After the new disclosure rule went into place in 2011, the NIH conducted nearly 30 proactive reviews in 2012 and 2013. That number has dropped to 3 reviews per year. Moreover, if these minimal reviews do find issues, the NIH does not conduct any follow-up reviews!
With an enforcement regime that is so weak, it is no wonder the compliance rate is so low.
To their credit, the HHS IG issued another report that found NIH has made progress in overseeing financial conflicts of interest by strengthening their reporting requirements and improving their data collection.
But even that report noted that there are “inconsistencies in the depth of their oversight reviews.” More concerningly, NIH does not have an established procedure for identifying whether a conflict of interest comes from a foreign source.
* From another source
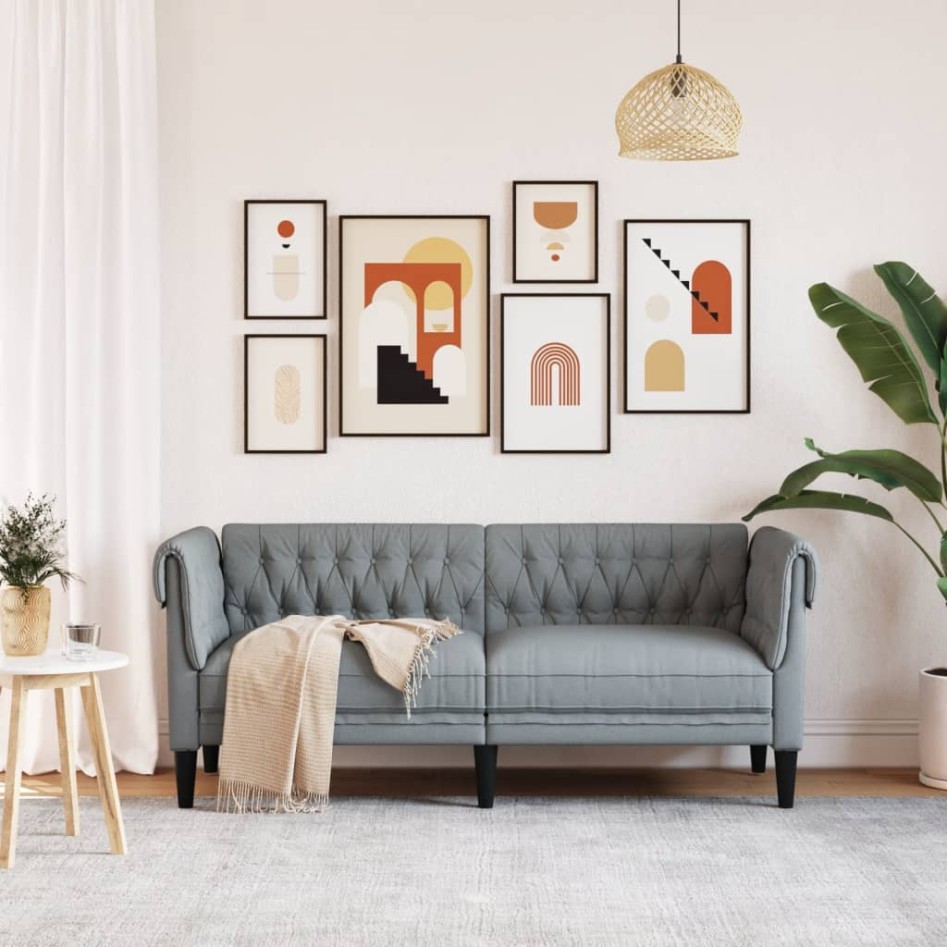 Sofá Chesterfield de 2 plazas tela gris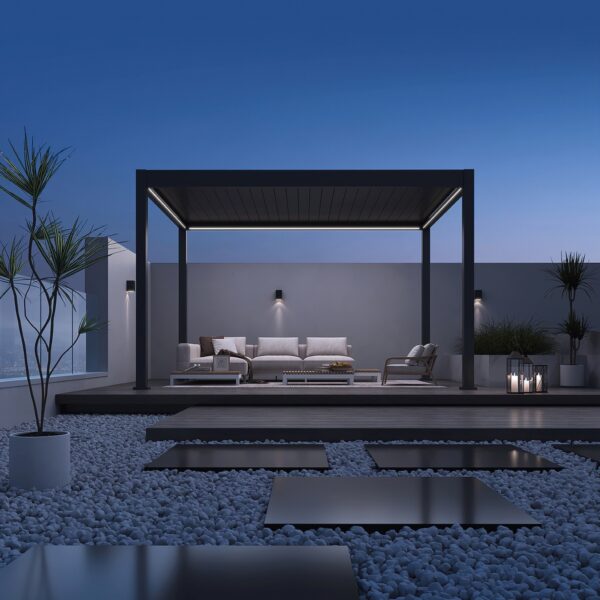 Alternative view of Weide Pergola 4x4m | elektrisches Lamellendach & LED-Beleuchtung | Voll-Aluminium | Anthrazit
Nor do they plan to create one.
China has been suspected of infiltrating American research universities to steal research and technology – including military advances.
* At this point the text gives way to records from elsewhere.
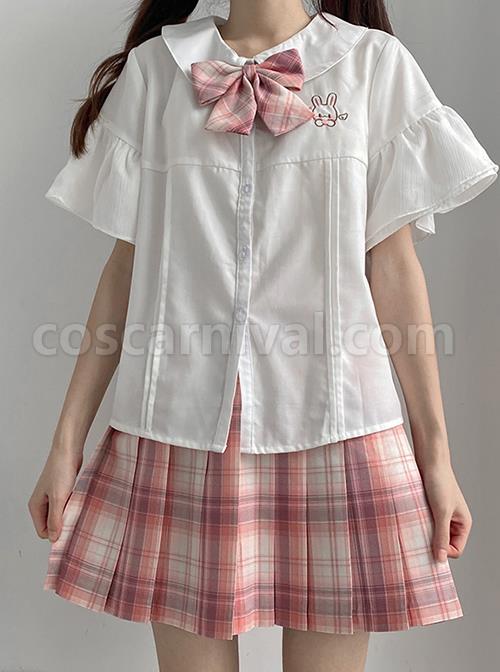 Daily Simplicity Cute Beautifully Embroidered Rabbit Shape Loose Flared Sleeves Campus JK Short Blouse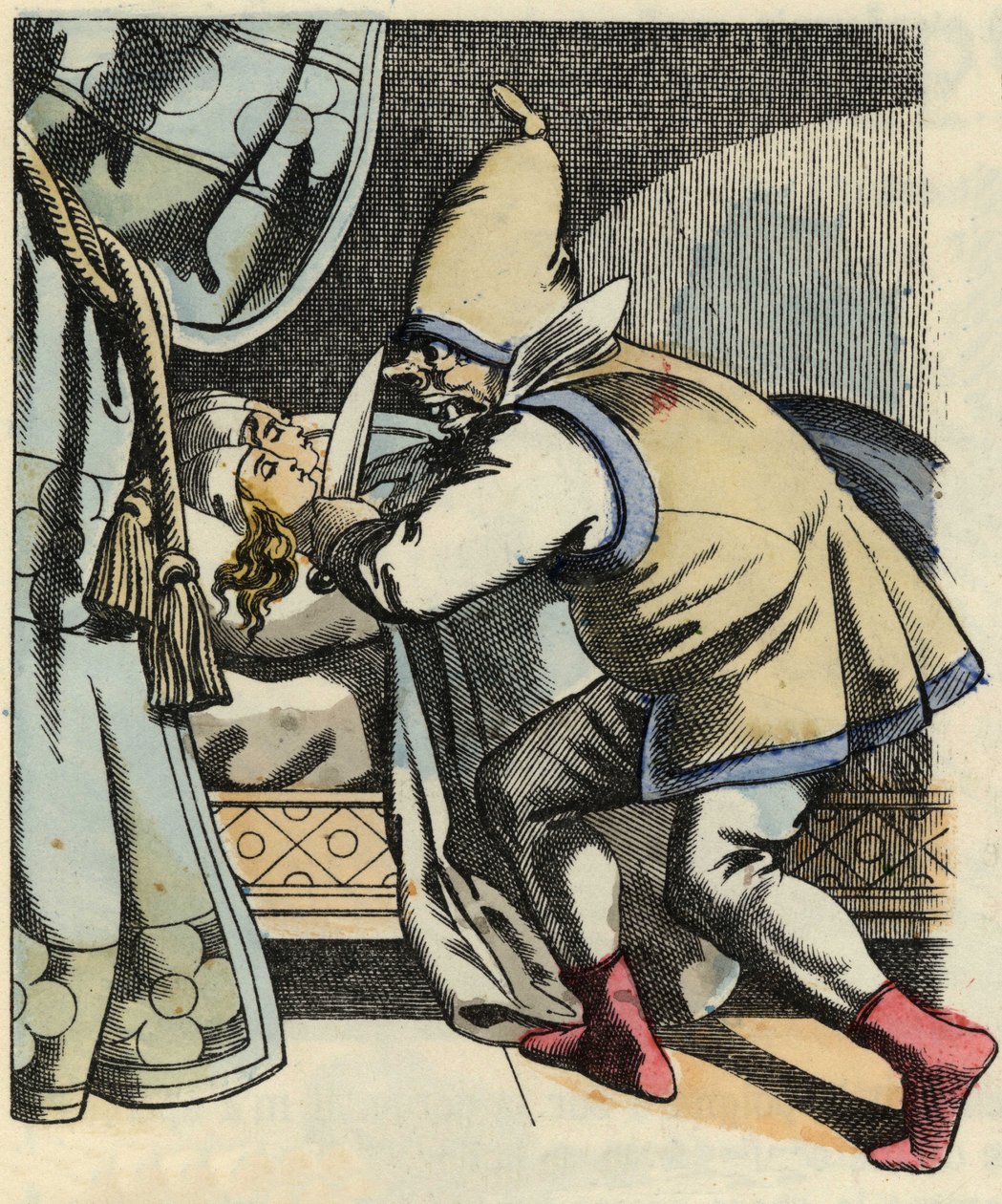 De reus hakt het hoofd van zijn zeven dochters af, denkend dat hij Klein Duimpje en zijn broers doodt (illustratie van het sprookje 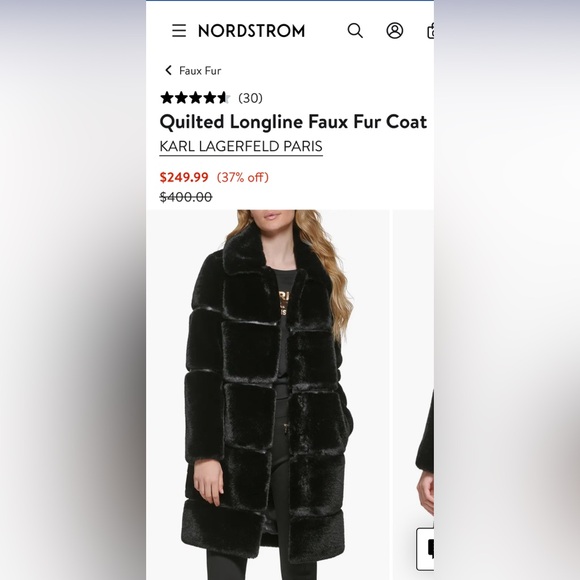 KARL LAGERFELD PARIS 🆕 Faux Leather Trim Faux Fur Coat. Size Large. Price Firm! - Picture 7 of 7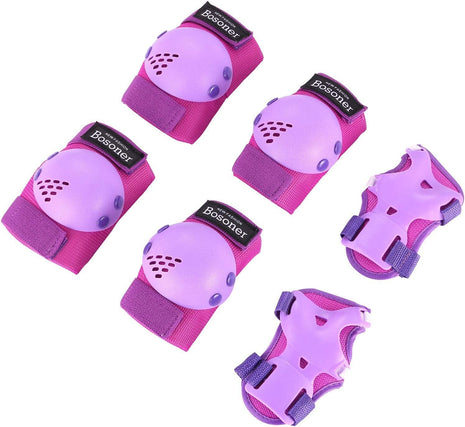 BOSONER Kids/Youth Knee Pads Elbow Pads Wrist Guards Set for 3-15 Years, Child Protective Gear Set for Roller Skates, Cycling, BMX Bike, Skateboard, Inline Skating, Scooter Riding Sports...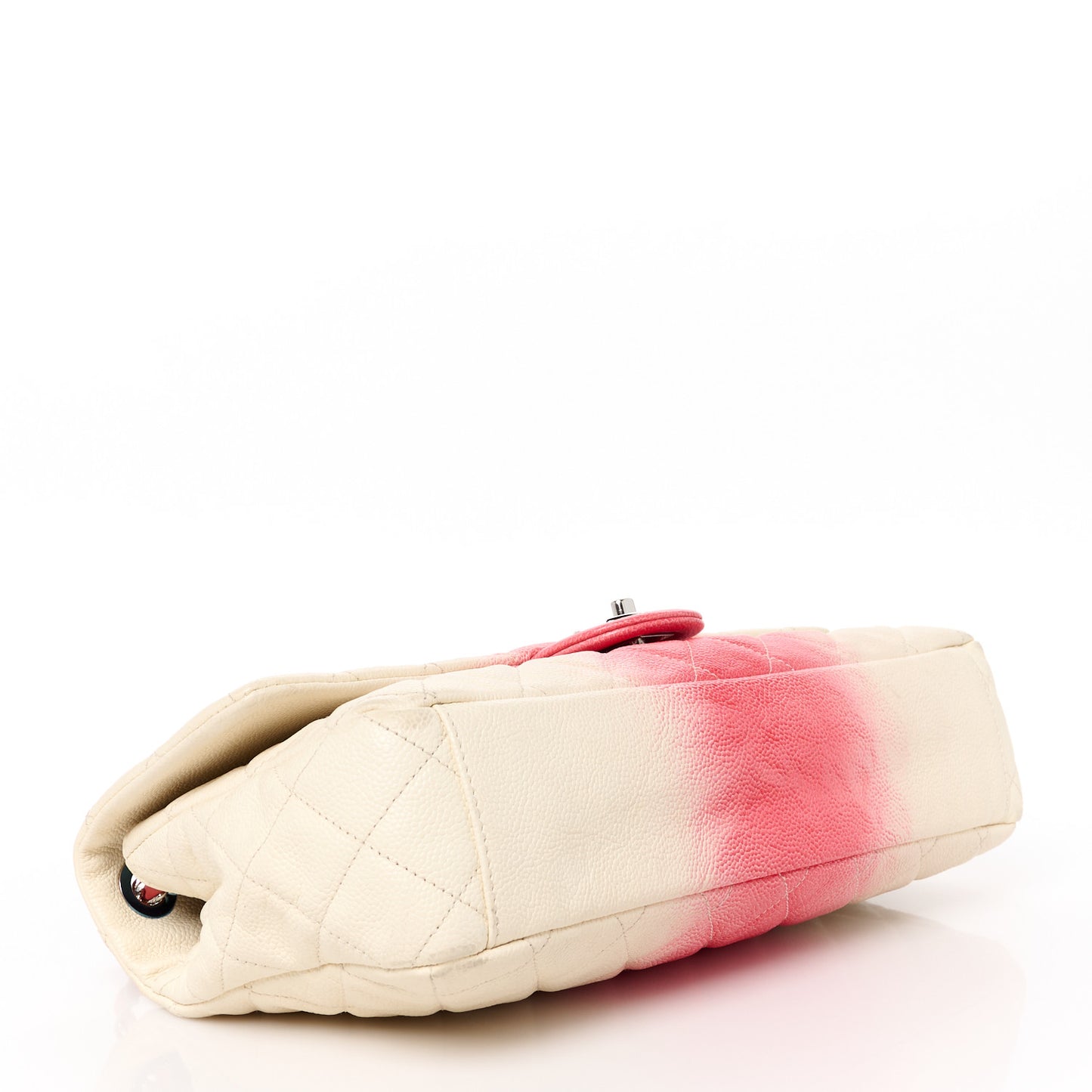 Caviar Quilted Ombre Jumbo Single Flap White Rose Pink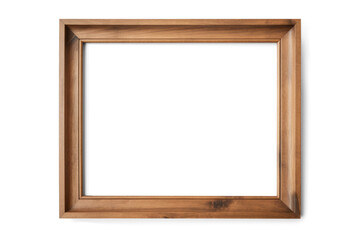 vintage simple wooden picture frame, png file of isolated cutout object with shadow on transparent background.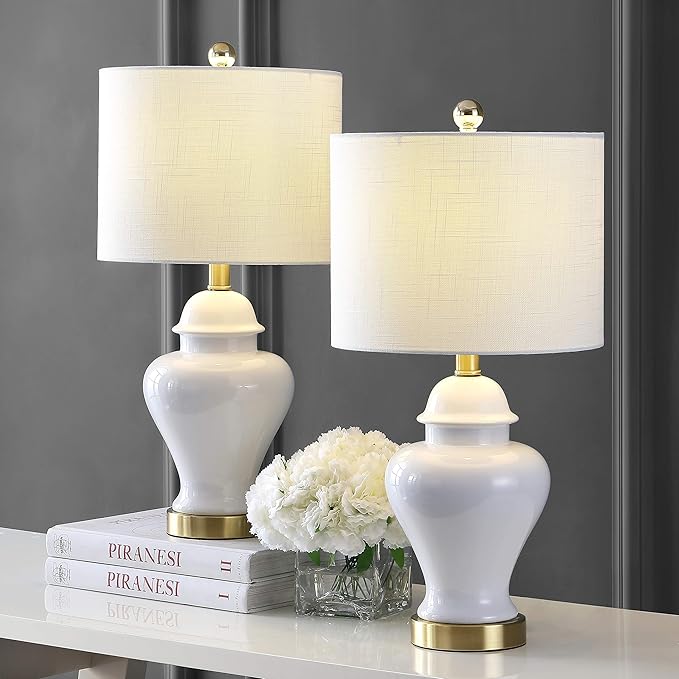JONATHAN Y 22" White Ceramic Table Lamp Set of 2 for Bedroom Living Room, White Linen Shade, Traditional Ginger Jar Nightstand Lamp, Classic Cottage LED Lights (JYL6602C-SET2)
The HHS IG has received 12 referrals related to conflicts in federal grant funding from foreign sources.
Yet, HHS states that they do not plan to differentiate foreign conflicts of interest in their reporting, resting on the fact that they can vet this before grants are awarded.
Senator Grassley has been sounding the alarm bells about corporate influence and foreign espionage in our research universities.
Hopefully, with the help of the IG report and congressional oversight, our taxpayer funded research will help taxpayers free from corporate and foreign influence.
*Institutions without website must furnish a copy within 5 business days of a request.